-------- Information supplied
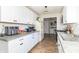 Bright kitchen featuring white cabinetry, granite countertops, and wood-look vinyl floors, perfect for cooking and entertaining at 2237 W 100 N, Greenfield, IN 46140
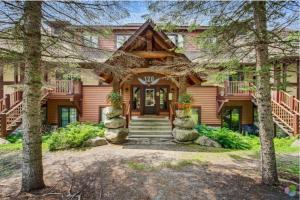 a home with a wooden house with a porch at Superb ski inout - Ask about summer pool access! in Mont-Tremblant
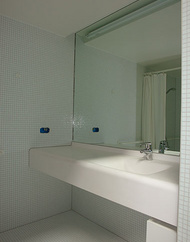 Waschtischbereich mit fliesenbündigen Spiegel und verdeckter Beleuchtung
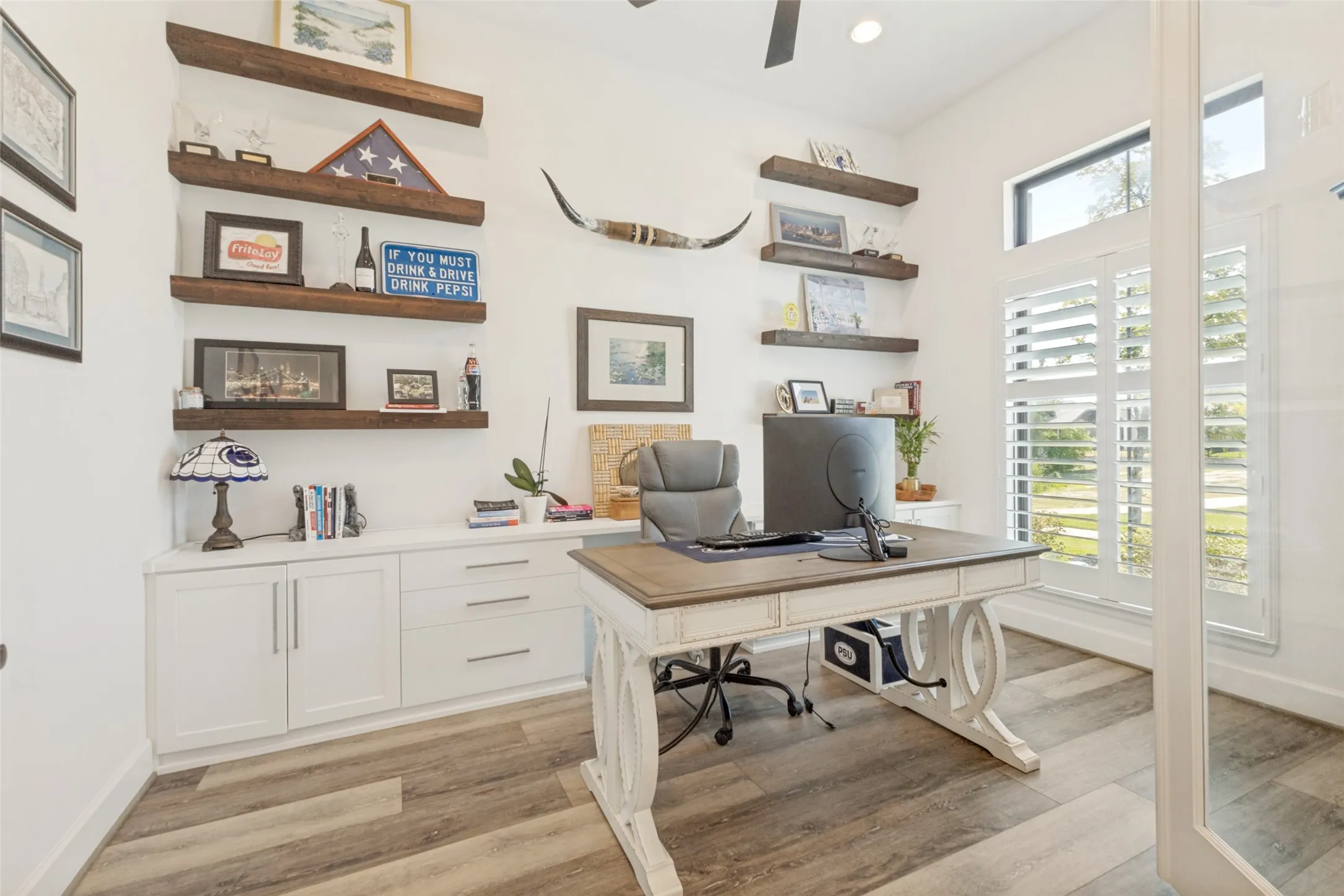 Built-in cabinetry with white shaker-style doors and drawers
----------------
Pictures are to be omitted; otherwise, write out the data exactly as it appears.

 Bright kitchen featuring white cabinetry, granite countertops, and wood-look vinyl floors, perfect for cooking and entertaining at 2237 W 100 N, Greenfield, IN 46140
 a home with a wooden house with a porch at Superb ski inout - Ask about summer pool access! in Mont-Tremblant
 Waschtischbereich mit fliesenbündigen Spiegel und verdeckter Beleuchtung
 Built-in cabinetry with white shaker-style doors and drawers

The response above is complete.